Borrowing from my earlier username/password example, we created a Datatect 'Username' defintion using the Character tab. The screen shot in Fig. 2 shows the selections we made in this dialog for user names.
For our passwords, we first created two more definitions: a Number (unique random), and another Character (alphanumeric). We then combined these two definitions using a Datatect Multi-Field definition so that our passwords would contain a mix of characters and numbers and, most importantly, they would be unique.
After creating our definitions, the next step was to create a Datatect SilkTest specification to output the results of our data generation. This is where Datatect really shines for SilkTest users. Due to various confidentiality and trademark issues regarding DoDots intellectual property, I will illustrate this feature using the default Green Mountain Outpost (GMO) specification provided by Datatect
In Fig. 3, you can see the SilkTest output specification for the GMO application. On the left side, highlighted in blue, is the field "BillName".
To the right, you will find the various parameters you set according to the type of GUI control (Textfield, Checkbox, Combobox, ListBox, PopupList, and RadioList) under test, the 4Test method required to input the data into the GUI control, the SilkTest data type (String, Real, Number, Integer, Boolean, Enumeration, Time, and Date), and the Data Source/Value (Datatect definition).
In the lower left, Datatect provides a preview (in bold) of exactly how it will generate the 4Test code to input data for the RECORD variable "BillName". Not only will Datatect generate the data text file, perfectly formatted for use in any SilkTest data-driven test case but it will also generate, if you choose, all of the 4Test code required to process each field in the data file. You simply click the Generate button in the Silk tab of Datatect, provide a name for the data output file and then click the checkbox labeled ‘Generate Silk 4Test Code’ and Datatect does the rest. It creates a ".dat" data file and uses the same name to create a corresponding ".t" script containing the 4Test code.
Before we purchased Datatect, I tested the default Datatect GMO specification to generate the evaluation limit of 25 records and the 4Test code needed to create customer orders on the Segue GMO website. I needed to add a total of 5 lines of 4Test code to the 4Test script generated by Datatect in order to compile and run the script. Datatect created the 4Test RECORD structure and all the fields, the file handle and file processing code, the testcase, the while loop used to parse each record in the data file, various comment blocks, and almost all the 4Test code needed to input each data value into their respective fields in the various GMO forms found on Segue’s website.
Using SilkTest and Datatect, the QA team was able to create dozens of data files (containing thousands of records) based on our established equivalency classes for testing the DoDots application. There were also two rather unexpected side effects from our data generation efforts.
One of the first things I noticed was how the 4Test code generated by Datatect actually helped some of the QA team's junior personnel make the jump from the 'capture, record, playback' methods to the more advanced programming techniques required to make SilkTest scripts robust in a test production environment.

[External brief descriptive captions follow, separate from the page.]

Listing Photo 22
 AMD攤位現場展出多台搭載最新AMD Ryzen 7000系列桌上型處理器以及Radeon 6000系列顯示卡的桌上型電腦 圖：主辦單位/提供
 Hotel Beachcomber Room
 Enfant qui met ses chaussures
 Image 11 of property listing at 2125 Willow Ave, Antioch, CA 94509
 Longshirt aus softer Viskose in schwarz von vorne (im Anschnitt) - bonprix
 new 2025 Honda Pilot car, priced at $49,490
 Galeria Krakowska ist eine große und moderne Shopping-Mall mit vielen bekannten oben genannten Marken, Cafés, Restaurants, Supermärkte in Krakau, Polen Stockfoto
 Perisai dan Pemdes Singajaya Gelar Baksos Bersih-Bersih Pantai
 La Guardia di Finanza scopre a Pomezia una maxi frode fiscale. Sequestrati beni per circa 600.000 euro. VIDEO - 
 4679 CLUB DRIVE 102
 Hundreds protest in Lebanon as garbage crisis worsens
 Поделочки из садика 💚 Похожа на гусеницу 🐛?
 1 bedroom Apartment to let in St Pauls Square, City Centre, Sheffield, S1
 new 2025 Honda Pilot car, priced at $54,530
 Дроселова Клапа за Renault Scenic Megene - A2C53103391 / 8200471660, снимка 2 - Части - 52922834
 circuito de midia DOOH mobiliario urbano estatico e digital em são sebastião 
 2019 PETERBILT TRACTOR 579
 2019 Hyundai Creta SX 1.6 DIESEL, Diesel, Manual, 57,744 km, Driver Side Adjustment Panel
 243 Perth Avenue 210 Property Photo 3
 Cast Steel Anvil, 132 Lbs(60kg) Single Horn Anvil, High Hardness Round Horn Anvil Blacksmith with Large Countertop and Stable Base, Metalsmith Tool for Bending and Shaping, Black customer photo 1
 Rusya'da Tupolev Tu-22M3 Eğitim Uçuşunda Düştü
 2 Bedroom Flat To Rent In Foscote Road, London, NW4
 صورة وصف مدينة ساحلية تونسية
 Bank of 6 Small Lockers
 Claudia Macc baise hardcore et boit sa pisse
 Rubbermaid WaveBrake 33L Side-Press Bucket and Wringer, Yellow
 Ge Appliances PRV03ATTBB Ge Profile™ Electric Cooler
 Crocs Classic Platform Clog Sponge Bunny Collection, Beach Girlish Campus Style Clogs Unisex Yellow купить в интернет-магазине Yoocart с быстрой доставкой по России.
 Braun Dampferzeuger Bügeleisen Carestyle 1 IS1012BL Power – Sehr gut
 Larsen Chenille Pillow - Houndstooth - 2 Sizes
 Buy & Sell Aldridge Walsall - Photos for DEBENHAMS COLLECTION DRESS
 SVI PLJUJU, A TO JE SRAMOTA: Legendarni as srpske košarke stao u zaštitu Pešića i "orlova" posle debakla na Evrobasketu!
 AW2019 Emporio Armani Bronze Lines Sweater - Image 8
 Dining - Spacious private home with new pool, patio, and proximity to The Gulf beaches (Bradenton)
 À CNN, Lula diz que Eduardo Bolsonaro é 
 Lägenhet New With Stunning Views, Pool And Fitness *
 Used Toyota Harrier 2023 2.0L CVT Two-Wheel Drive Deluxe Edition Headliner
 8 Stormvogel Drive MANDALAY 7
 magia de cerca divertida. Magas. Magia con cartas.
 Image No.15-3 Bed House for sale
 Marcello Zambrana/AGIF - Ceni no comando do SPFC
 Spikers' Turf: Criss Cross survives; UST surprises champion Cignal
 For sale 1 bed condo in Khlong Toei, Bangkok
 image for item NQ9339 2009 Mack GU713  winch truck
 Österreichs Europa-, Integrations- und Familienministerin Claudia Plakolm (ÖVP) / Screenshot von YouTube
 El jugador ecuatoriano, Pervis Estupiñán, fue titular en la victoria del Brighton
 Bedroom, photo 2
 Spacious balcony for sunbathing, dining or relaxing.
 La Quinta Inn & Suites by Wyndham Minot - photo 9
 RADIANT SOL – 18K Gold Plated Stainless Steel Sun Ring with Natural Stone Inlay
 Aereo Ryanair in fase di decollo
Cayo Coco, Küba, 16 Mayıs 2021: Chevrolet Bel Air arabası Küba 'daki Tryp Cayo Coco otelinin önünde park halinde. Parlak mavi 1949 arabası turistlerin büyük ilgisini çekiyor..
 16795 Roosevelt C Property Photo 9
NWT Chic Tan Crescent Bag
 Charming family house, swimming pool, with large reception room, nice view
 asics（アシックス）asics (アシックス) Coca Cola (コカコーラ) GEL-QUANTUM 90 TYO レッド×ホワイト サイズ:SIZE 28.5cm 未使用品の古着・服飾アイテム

They began to experiment with different ways to use Silk's data-driven testing capabilities, confident that Datatect would generate most of what they needed.
The second thing that I noticed was how some of the senior SilkTest users had come to rely on the table generation capabilities of Datatect to effectively reverse engineer our database schema. They were using Datatect Specifications to examine the schema of each table and the data type of each field so they would know exactly what data type to create for SilkTest scripts. That was a very pleasant surprise even for a battle-worn QA guy like me.